OLYMPIA -- Washington state should help low-income residents get their children into the preschool of their choice, but establish standards for facilities that help prepare 3- and 4-year-olds for kindergarten, Gov. Chris Gregoire said today.
It also must have a stronger system for K-12 schools to force improvements on failing facilities, in part to have a chance to qualify for hundreds of millions of dollars in the federal Race to the Top program, she said.
Gregoire, Superintendent of Public Instruction Randy Dorn and Bette Hyde, director of the state’s Early Learning Department, were among a group calling for changes in state education policies and programs in preschool and K-12 education.
For pre-schoolers, Gregoire proposes the “All Start” program, which she said would open up preschool to low-income families by providing subsidies for those with incomes below twice the poverty level. The youngsters would have to be enrolled in certified preschools, which means the state would have to establish standards and develop a certification process.

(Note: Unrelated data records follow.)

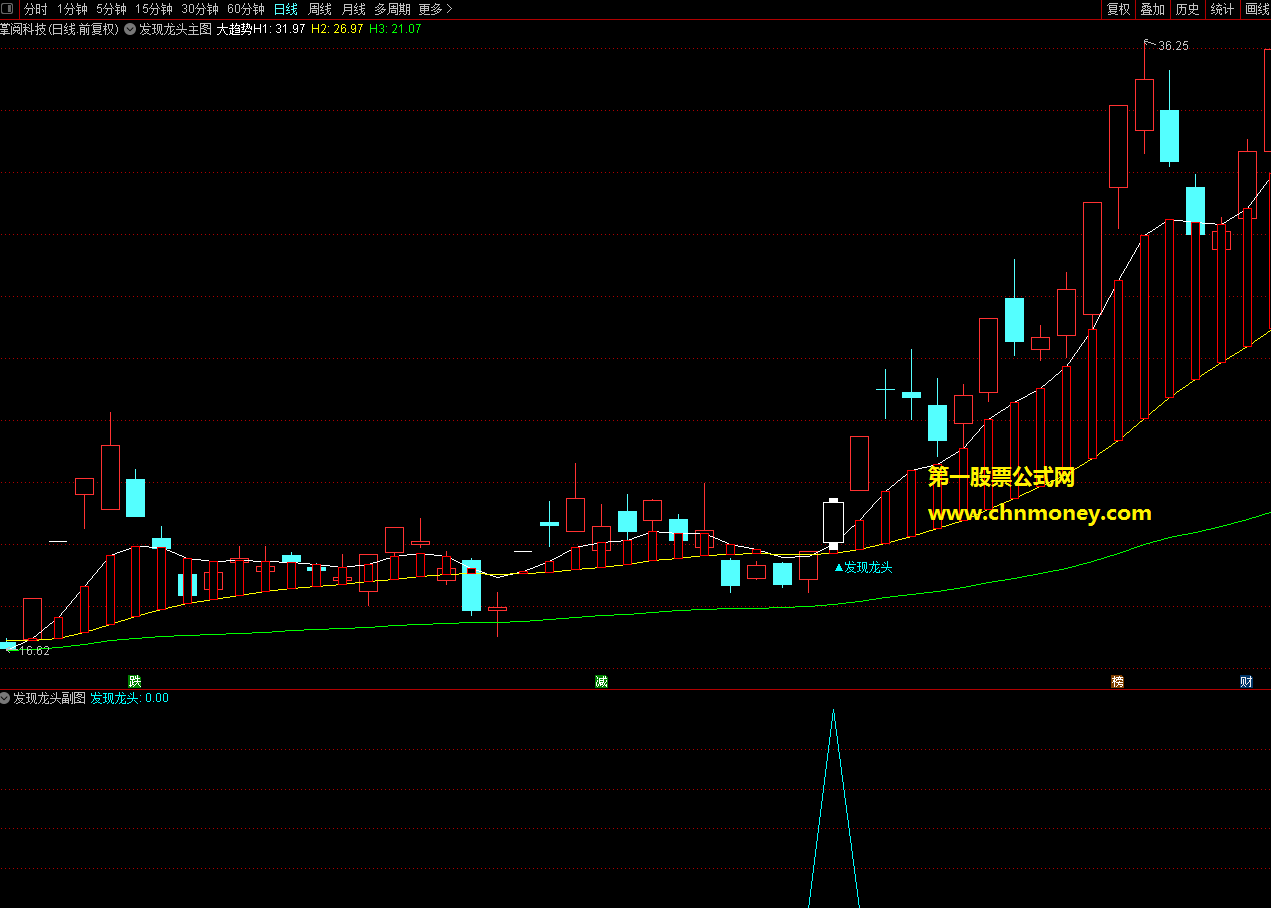 发现龙头主图/副图/选股每月虽出票不多而龙头票却常可选出原创无未来指标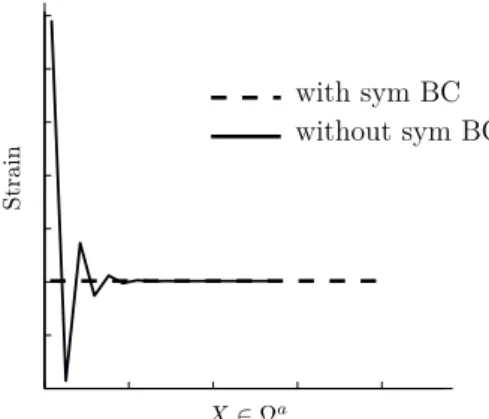 Fig. 3 Strain distribution plot for non-local interaction. The symmetry BC corrects the boundary effect and gives the constant strain field.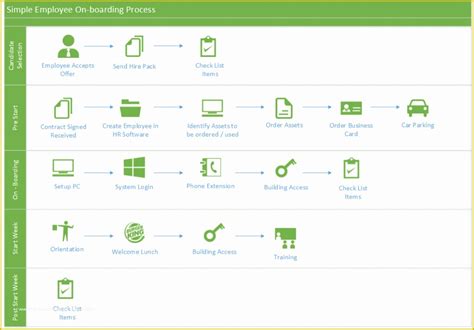 Sharepoint Hr Template Printable Templates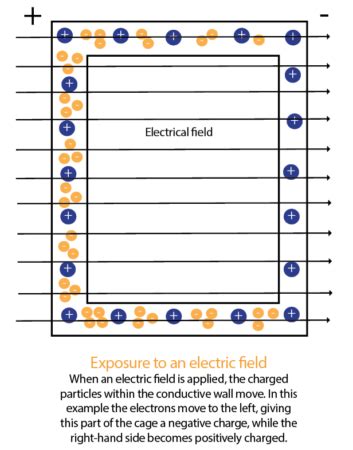 How does a faraday cage work? – How It Works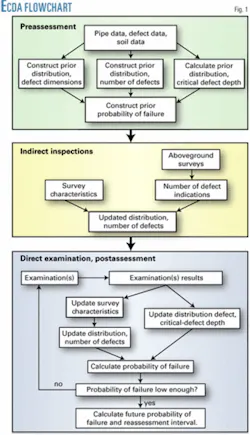 Th 061009ogj Tos01 Th 061009ogj Tos01
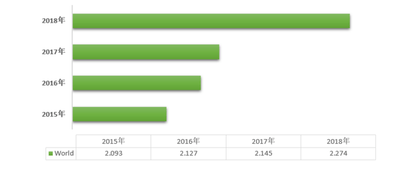 YPt9XrY4iEseAKCTEPfD.png?w=940&h=940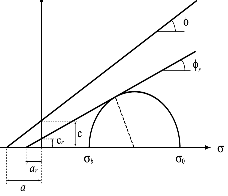 http://static.apub.kr/journalsite/sites/kta/2007-009-02/N0550090208/images/PIC6FC8.gif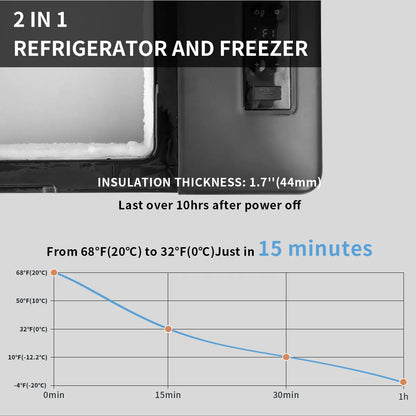 Alpicool C15 Portable Car Freezer,12 Volt Refrigerator, 16 Quart (15 Liter) Fast Cooling 12V Car Fridge -4℉~68℉, Car Cooler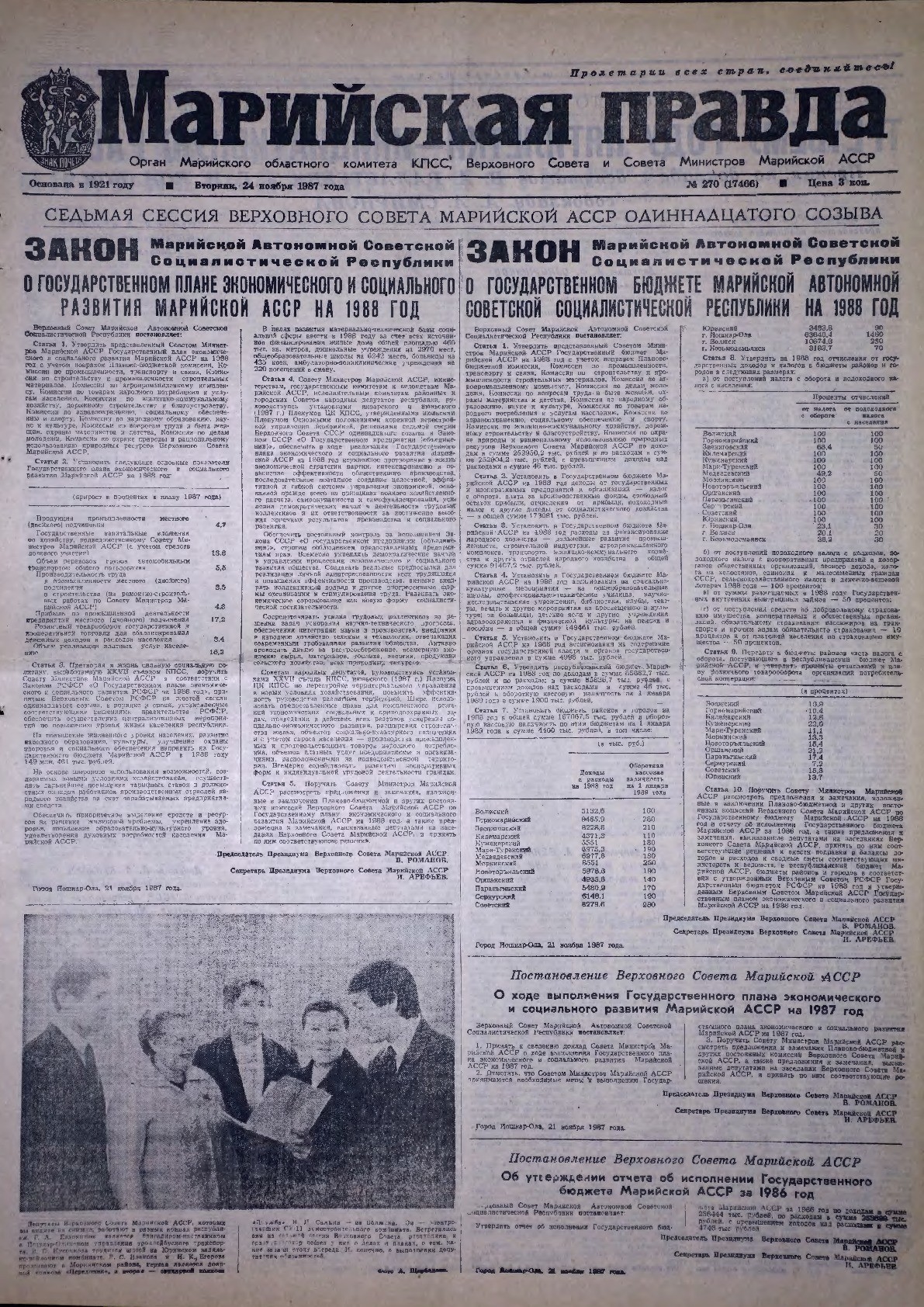 Газета «Марийская правда» от 24.11.1987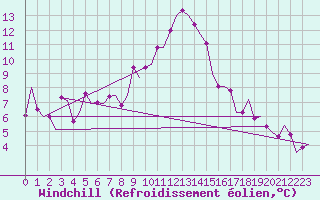 Courbe du refroidissement olien pour Vitoria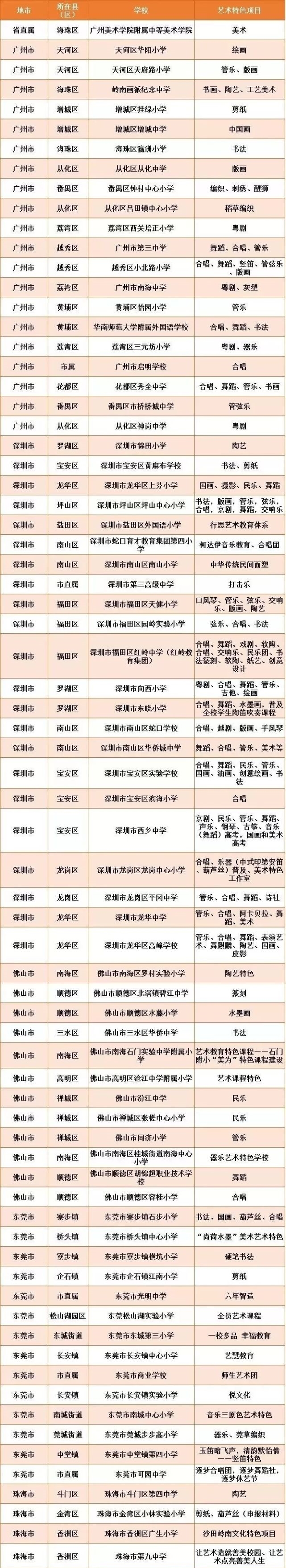 上榜|惠东这三所学校获省级荣誉！看看你的学校上榜没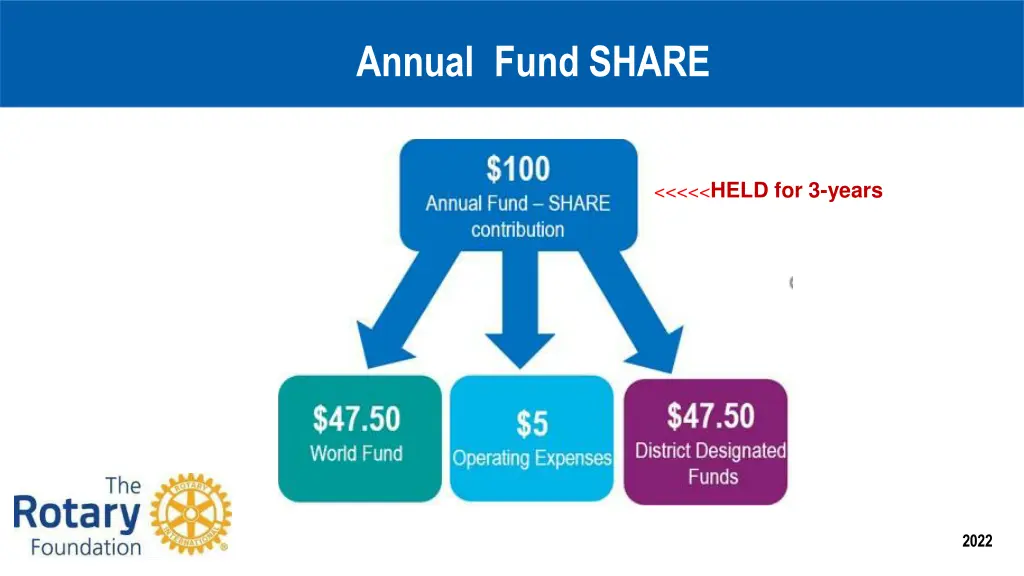 annual fund share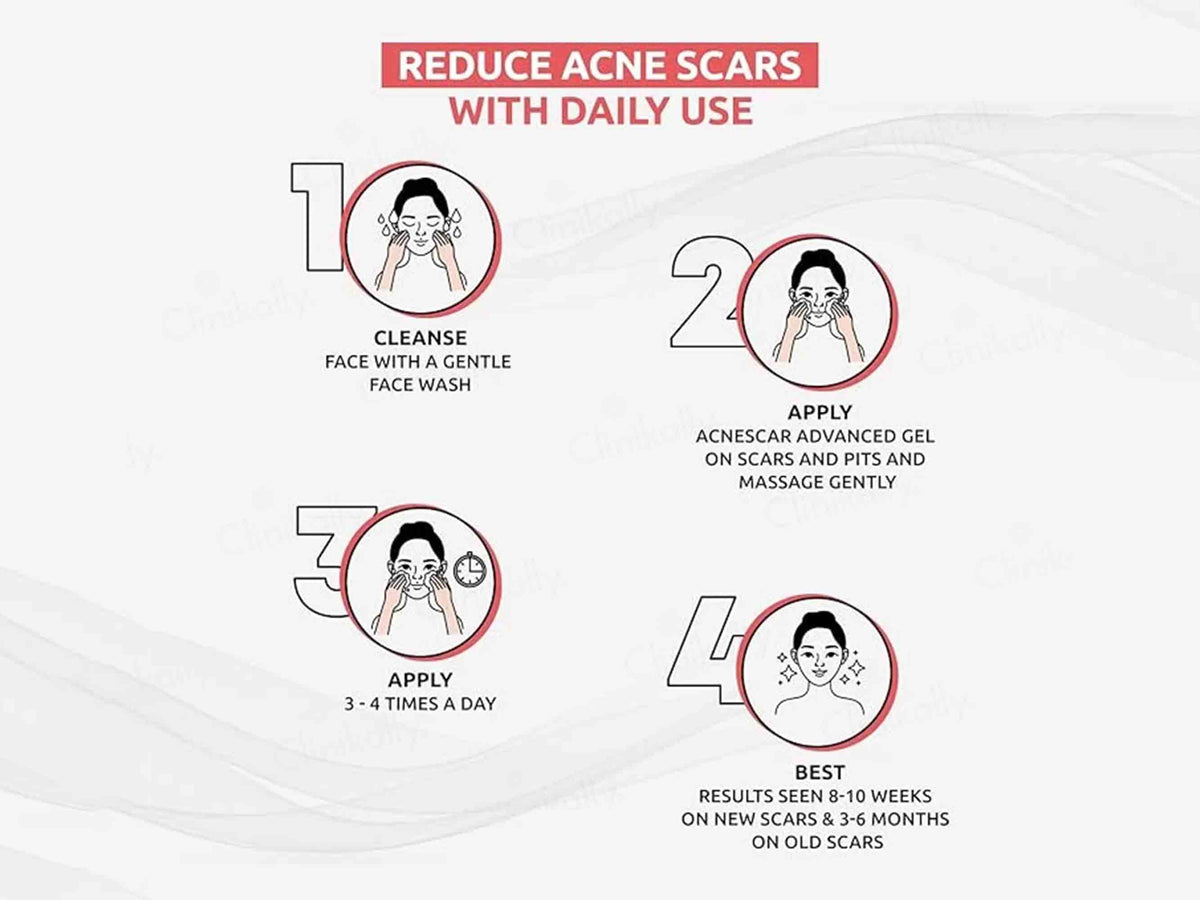 AcneScar Gel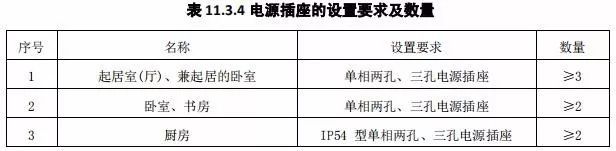 新《住宅设计规范》即将出炉！！_23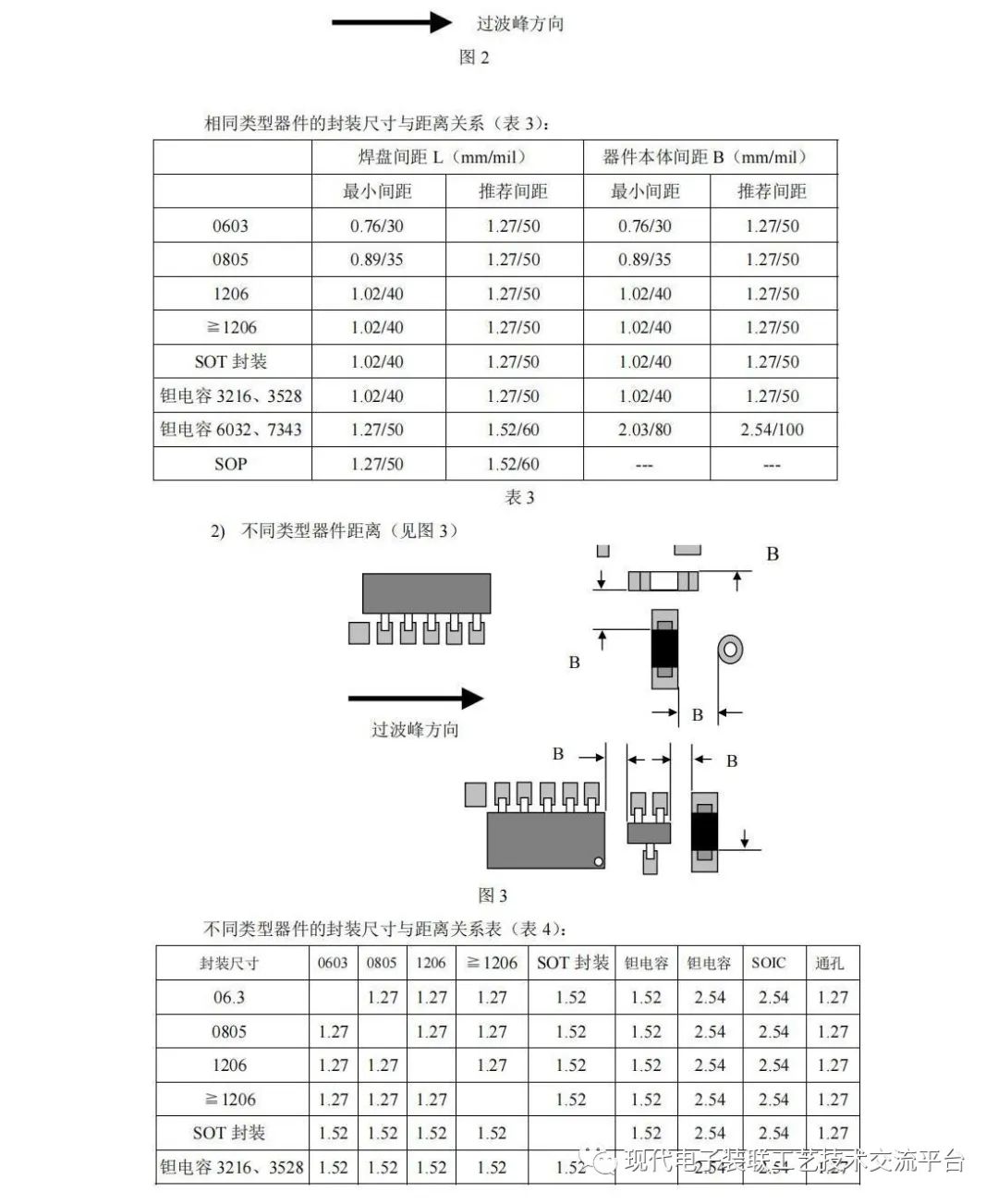 pcb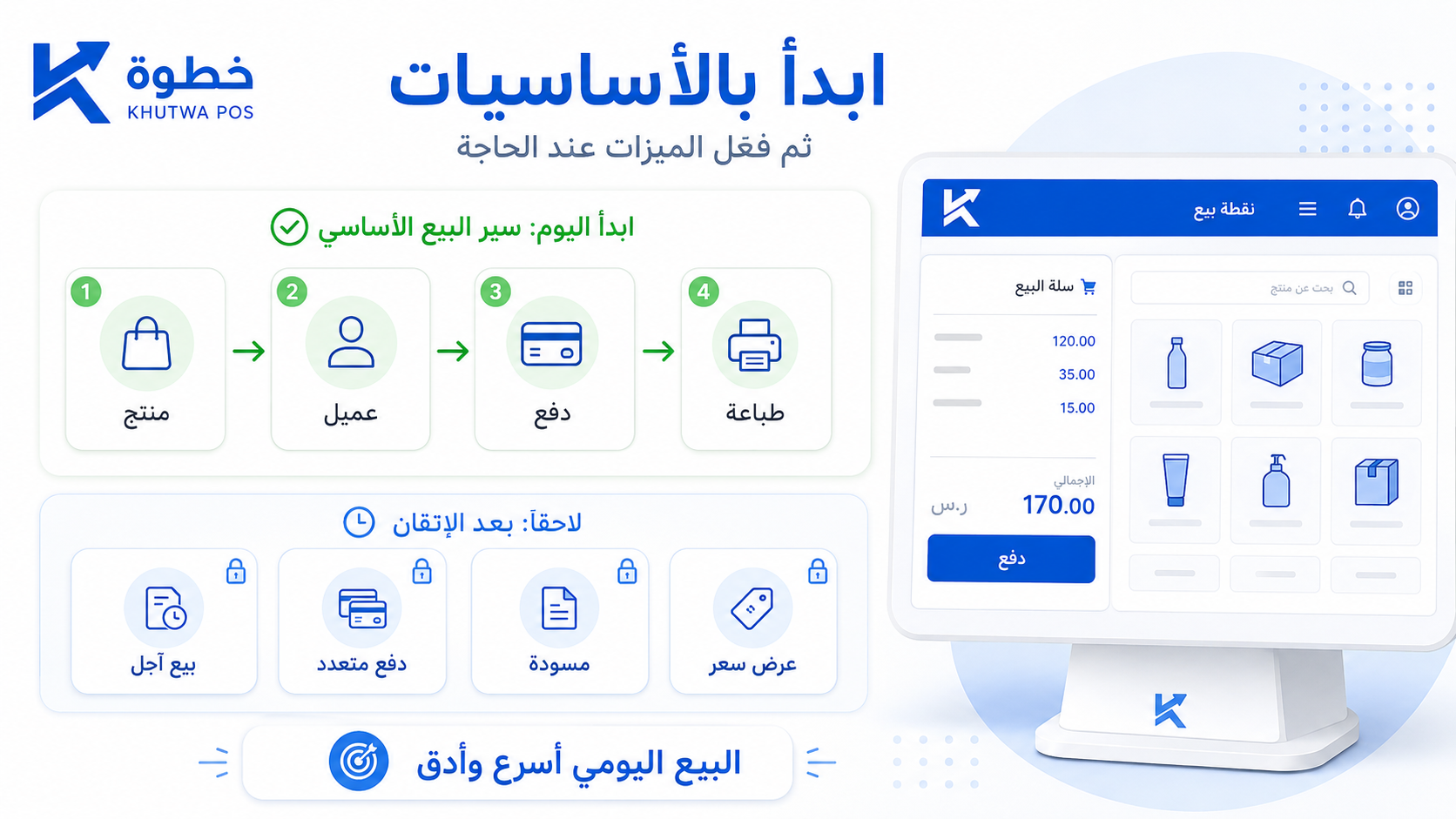 درّب الكاشير على سيناريوهات البيع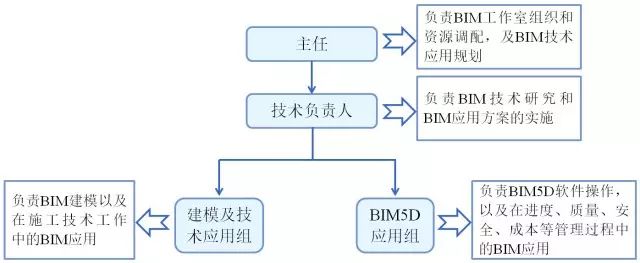 地铁项目的BIM是这么开展的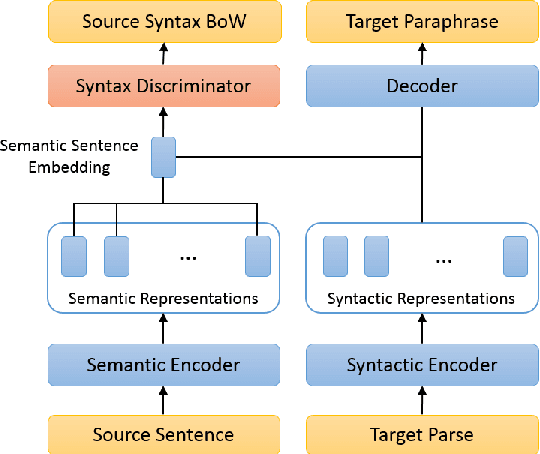 Figure 1 for Disentangling Semantics and Syntax in Sentence Embeddings with Pre-trained Language Models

“We have no standards for preschools. Preschool teachers are not required to undergo background checks,” Gregoire said.
Hyde said the goal was to provide “quality preschool for all 3- and 4-year-olds” in the face of evidence that some 85 percent of brain development occurs by age 5.
The state currently has a preschool program for low-income families called Early Childhood Education and Assistance Program. Gregoire’s proposal would allow parents who can afford to pay to enroll their children in ECEAP, too. But it would also provide assistance to low-income families to put their children in private pre-schools run by churches, non-profit organizations or colleges.
Gregoire and Hyde said they believed capacity exists in pre-schools to absorb the children from All Start, but conceded the state doesn’t really know how many pre-schools exist in Washington because, unlike day care centers, they are not certified or licensed.
Also Monday, Gregoire announced plans to help the state qualify for federal “Race to the Top” money, including a process for the state to intervene in failing schools without directly taking the facility over. Her education program also calls for a type of merit pay for teachers that would be based on adding innovative programs, and using better data to determine the success of students in classrooms.
Mary Jean Ryan, chairwoman of the state Board of Education, later told a Senate committee that not having the authority to take over low-performing schools is a problem for qualifying for that new federal grant program. So is the state’s lack of charter schools and a weak evaluation system for teachers and principals.
We are not proposing a state takeover of schools,” Ryan said. Instead, the state would have authority to force school districts to come up with a plan to improve such schools, and implement it.
There’s no guarantee the state will qualify for as much as $250 million in federal money under Race to the Top if the Legislature approves the bill. Only between 15 and 17 states are expected to win the competition for federal money.
“I am confident that if the state does not pass it, we will not qualify,” Gregoire said.